Human wild-type EGFR-encoding cDNA (lacking stop codon) was PCR-amplified from the pGEM7zf(-):EGFRwt (Promega, Madison, WI, USA) shuttle vector (primer sequences available in Supplementary Table S1) and cloned into pCR2.1-TOPO using the TOPO-TA system (Invitrogen, Burlington, ON, Canada) for sequence verification. EGFRwt-pCR2.1-TOPO was SacII-digested and blunt-end–cloned into the HindIII site of pLPCX expression vector (Clontech, Mountain View, CA, USA) to generate EGFR-pLPCX. To prepare FLAG and MYC epitope tags, oligonucleotides (Integrated DNA Technologies, Coralville, IA, USA) FLAG sense/antisense and MYC sense/antisense (Supplementary Table S1), respectively, were annealed, phosphorylated, and blunt-end–cloned into blunted EcoRI site of EGFR-pLPCX to generate EGFR-FLAG-pLPCX and EGFR-MYC-pLPCX. Untagged EGFR was expressed from a pcDNA3.1/Zeo (+) construct (Invitrogen). Mammalian expression constructs encoding MYC tag translational fusions of fibroblast growth factor receptor-1 (FGFR1) and ephrin receptor B1 (EPHB1) were generated from hOR Feome v5.1 cDNA shuttled into pcDNA3.2/myc-DEST using Gateway (Invitrogen) cloning technology (SIDNET, The Hospital for Sick Children). Y246D point mutant construct was generated using EGFRwt-FLAG-pLPCX as template and mutagenized with a site-directed mutagenesis kit (Stratagene, La Jolla, CA, USA). Nucleotide sequencing was performed to confirm the mutagenesis.
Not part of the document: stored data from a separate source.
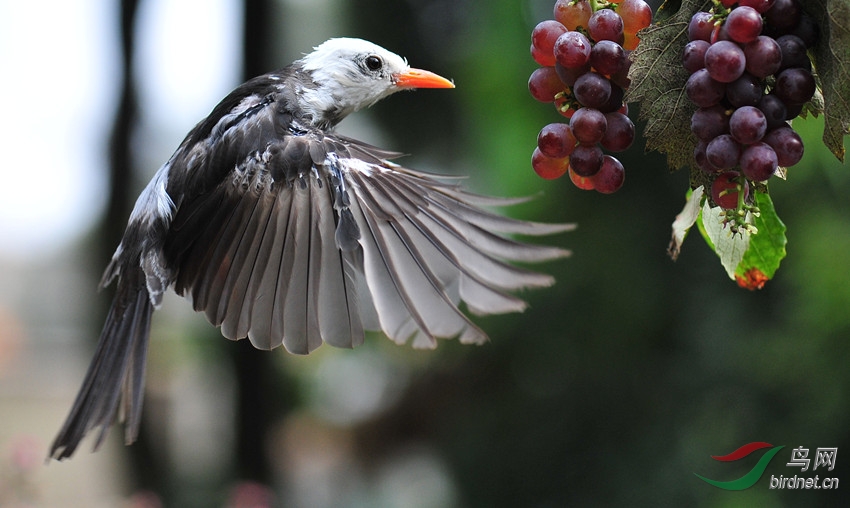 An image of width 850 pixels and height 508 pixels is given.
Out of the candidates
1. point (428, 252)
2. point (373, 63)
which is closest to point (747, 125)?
point (428, 252)

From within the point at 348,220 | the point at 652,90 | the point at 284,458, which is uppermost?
the point at 652,90

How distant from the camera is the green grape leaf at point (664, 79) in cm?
90

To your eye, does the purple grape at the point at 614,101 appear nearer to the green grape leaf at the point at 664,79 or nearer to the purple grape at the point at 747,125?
the green grape leaf at the point at 664,79

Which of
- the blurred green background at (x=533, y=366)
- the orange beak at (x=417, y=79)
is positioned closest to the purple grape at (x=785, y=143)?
the orange beak at (x=417, y=79)

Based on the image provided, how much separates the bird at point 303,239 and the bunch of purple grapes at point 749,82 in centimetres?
69

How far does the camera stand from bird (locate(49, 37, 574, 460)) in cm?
169

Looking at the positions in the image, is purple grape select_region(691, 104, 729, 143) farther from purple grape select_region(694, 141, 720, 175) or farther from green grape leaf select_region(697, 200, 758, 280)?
green grape leaf select_region(697, 200, 758, 280)

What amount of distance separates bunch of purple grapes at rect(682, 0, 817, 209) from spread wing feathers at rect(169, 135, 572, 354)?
31.5 inches

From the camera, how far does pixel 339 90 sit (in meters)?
2.12

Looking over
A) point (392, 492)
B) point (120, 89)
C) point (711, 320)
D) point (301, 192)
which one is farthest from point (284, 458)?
point (301, 192)

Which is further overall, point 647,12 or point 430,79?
point 430,79

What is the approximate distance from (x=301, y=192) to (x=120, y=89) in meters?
3.63

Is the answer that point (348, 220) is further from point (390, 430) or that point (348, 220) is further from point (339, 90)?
point (390, 430)

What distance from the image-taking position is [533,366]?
361 centimetres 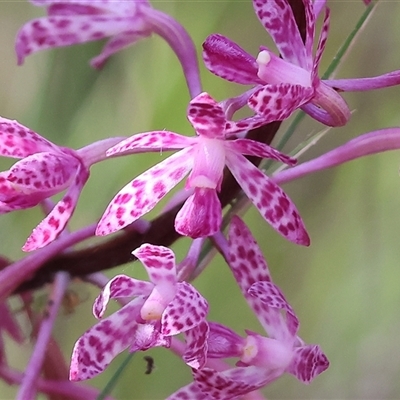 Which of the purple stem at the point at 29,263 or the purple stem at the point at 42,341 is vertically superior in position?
the purple stem at the point at 29,263

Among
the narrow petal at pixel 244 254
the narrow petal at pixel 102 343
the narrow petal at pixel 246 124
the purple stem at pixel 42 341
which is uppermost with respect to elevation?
the narrow petal at pixel 246 124

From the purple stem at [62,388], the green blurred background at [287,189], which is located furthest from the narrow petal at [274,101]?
the green blurred background at [287,189]

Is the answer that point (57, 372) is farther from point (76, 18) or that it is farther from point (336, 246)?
point (336, 246)

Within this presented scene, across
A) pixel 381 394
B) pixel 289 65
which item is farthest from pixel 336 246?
pixel 289 65

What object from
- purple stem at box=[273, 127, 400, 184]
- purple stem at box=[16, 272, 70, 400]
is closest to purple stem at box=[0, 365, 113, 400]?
purple stem at box=[16, 272, 70, 400]

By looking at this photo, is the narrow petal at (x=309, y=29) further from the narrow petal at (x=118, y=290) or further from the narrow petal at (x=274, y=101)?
the narrow petal at (x=118, y=290)

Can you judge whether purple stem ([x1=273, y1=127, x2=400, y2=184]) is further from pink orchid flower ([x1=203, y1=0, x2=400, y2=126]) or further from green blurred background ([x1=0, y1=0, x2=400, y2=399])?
green blurred background ([x1=0, y1=0, x2=400, y2=399])

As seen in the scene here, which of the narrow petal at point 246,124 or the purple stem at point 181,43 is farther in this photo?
the purple stem at point 181,43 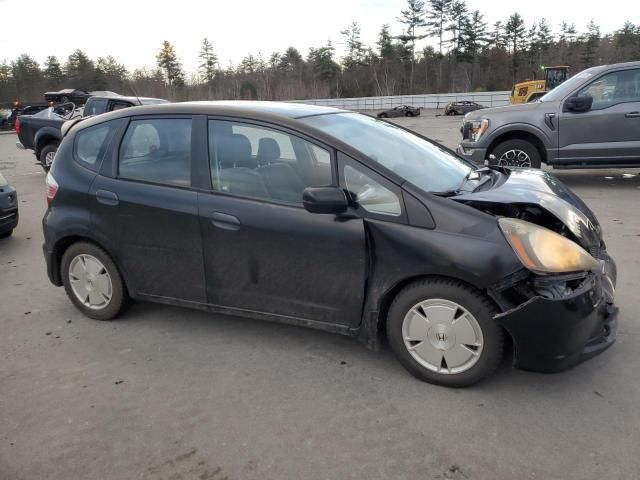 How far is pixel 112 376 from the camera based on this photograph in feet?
11.0

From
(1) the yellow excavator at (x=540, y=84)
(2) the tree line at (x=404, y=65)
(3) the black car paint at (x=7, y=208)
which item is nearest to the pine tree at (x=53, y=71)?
(2) the tree line at (x=404, y=65)

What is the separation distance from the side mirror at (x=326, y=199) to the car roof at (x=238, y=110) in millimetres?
650

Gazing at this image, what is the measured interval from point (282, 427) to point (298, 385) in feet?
1.38

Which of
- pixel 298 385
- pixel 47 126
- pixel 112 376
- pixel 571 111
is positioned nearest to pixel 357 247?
pixel 298 385

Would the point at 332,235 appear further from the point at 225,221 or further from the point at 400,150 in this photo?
the point at 400,150

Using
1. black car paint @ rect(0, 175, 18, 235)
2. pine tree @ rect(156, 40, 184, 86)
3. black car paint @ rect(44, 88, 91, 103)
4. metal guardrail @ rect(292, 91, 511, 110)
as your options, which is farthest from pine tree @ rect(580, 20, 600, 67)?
black car paint @ rect(0, 175, 18, 235)

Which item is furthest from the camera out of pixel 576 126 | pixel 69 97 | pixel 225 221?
pixel 69 97

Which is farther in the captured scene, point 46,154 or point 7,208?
point 46,154

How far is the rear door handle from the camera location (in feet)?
12.5

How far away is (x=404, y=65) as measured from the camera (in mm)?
75000

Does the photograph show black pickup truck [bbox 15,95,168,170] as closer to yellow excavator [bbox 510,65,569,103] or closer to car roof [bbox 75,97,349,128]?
car roof [bbox 75,97,349,128]

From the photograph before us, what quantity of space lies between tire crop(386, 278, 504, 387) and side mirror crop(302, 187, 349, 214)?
61 cm

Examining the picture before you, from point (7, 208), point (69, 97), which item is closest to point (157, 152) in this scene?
point (7, 208)

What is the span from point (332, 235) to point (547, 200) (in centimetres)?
135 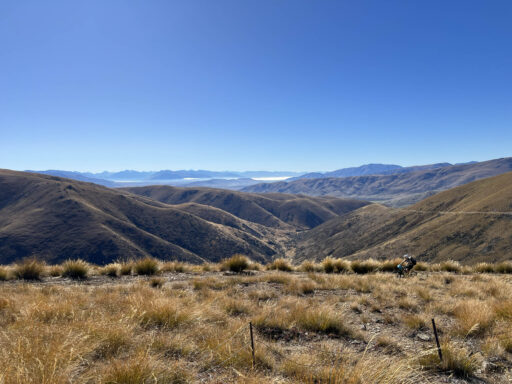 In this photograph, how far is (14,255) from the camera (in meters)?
92.4

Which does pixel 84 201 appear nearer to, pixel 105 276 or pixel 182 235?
pixel 182 235

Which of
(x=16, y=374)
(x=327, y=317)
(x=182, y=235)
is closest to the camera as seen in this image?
(x=16, y=374)

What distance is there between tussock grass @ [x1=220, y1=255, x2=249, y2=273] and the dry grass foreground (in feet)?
10.7

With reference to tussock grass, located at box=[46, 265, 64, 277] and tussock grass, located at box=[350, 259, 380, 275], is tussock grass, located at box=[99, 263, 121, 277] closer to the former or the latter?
tussock grass, located at box=[46, 265, 64, 277]

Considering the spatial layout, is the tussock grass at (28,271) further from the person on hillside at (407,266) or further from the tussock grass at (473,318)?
the person on hillside at (407,266)

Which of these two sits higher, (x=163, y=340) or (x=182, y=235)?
(x=163, y=340)

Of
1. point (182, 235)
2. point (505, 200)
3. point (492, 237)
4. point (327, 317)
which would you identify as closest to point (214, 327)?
point (327, 317)

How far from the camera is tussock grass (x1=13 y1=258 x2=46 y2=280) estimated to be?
920 cm

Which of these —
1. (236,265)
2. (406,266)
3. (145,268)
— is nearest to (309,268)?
(236,265)

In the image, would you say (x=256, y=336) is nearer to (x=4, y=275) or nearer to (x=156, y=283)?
(x=156, y=283)

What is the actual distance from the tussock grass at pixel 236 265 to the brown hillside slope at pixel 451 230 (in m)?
68.1

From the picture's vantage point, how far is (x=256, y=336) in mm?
4773

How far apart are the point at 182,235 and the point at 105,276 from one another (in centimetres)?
12043

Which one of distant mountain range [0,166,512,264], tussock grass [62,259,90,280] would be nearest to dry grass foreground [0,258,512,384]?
tussock grass [62,259,90,280] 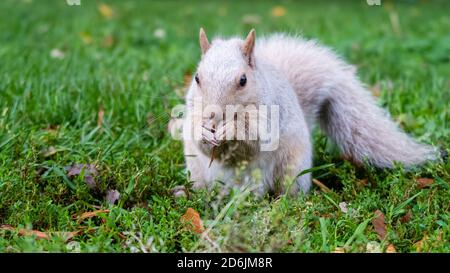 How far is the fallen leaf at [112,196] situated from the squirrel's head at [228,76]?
515 millimetres

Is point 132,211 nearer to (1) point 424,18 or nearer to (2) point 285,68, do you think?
(2) point 285,68

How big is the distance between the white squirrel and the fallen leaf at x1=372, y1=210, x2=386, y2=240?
43 centimetres

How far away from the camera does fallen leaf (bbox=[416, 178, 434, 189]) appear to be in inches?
115

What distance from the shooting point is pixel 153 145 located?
133 inches

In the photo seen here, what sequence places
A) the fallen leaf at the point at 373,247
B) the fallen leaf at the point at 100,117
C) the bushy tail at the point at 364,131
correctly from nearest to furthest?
the fallen leaf at the point at 373,247 → the bushy tail at the point at 364,131 → the fallen leaf at the point at 100,117

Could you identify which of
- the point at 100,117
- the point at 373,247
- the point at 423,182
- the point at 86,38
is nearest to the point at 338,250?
the point at 373,247

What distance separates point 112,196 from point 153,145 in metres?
0.69

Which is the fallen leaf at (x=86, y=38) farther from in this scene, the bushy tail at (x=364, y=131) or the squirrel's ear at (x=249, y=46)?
the squirrel's ear at (x=249, y=46)

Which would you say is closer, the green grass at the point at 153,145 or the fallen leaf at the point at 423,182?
the green grass at the point at 153,145

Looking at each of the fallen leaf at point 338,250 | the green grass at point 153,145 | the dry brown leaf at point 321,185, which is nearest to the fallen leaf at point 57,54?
the green grass at point 153,145

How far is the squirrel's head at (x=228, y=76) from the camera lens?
2.58 metres

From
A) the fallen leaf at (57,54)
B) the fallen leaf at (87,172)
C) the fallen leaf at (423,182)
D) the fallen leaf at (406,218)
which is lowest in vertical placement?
the fallen leaf at (406,218)

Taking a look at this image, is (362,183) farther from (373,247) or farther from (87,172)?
(87,172) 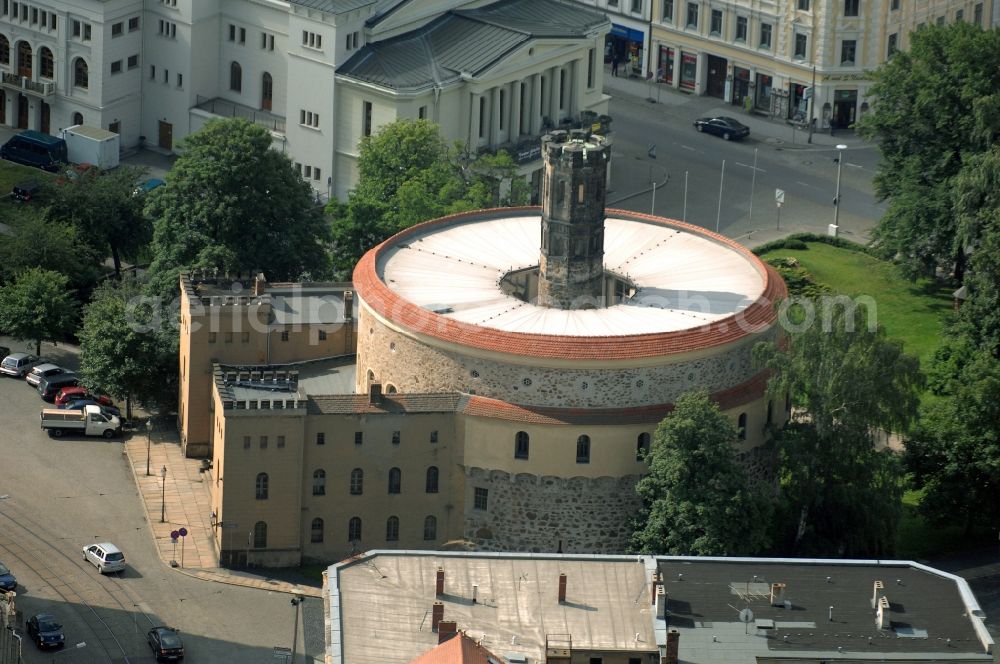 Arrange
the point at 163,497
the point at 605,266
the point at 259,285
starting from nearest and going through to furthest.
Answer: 1. the point at 163,497
2. the point at 605,266
3. the point at 259,285

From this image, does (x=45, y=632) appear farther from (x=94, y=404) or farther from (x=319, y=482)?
(x=94, y=404)

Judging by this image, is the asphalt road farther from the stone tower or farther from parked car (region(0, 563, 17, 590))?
the stone tower

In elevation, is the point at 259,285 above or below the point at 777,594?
above

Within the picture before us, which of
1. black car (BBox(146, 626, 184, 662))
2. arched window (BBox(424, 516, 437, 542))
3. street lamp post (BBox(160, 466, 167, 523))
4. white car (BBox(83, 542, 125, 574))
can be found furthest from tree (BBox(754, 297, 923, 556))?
white car (BBox(83, 542, 125, 574))

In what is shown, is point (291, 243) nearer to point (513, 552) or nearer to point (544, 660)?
Answer: point (513, 552)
Cell culture and transfection

Chinese hamster ovary (CHOK1) cells were cultured in 1× F-12K nutrient medium containing 10% FCS, 100 U/mL penicillin, 100 µg/mL streptomycin, and 250 ng/mL amphotericin B (Wisent, St-Bruno, Quebec, Canada). For immunofluorescence experiments, cells were grown to 70% confluence on 18 × 18-mm glass coverslips (Fisher Scientific, Ottawa, ON, Canada) placed in six-well plates (BD Biosciences, Mississauga, ON, Canada) and transfected with indicated expression constructs using Fugene HD (Roche, Mississauga, ON, Canada), according to the manufacturer's instructions. After 6 h, the transfection medium was changed to serum-free medium. Cells were incubated another 18 h and subsequently washed twice in ice-cold PBS and fixed for 10 min with 4% paraformaldehyde in PBS at room temperature. For immunoblotting experiments, cells were grown to 70% confluence in six-well plates and transfected as in immunofluorescence experiments, and serum-starved cells were stimulated with 100 ng/mL EGF (Chemicon; Billerica, MA, USA).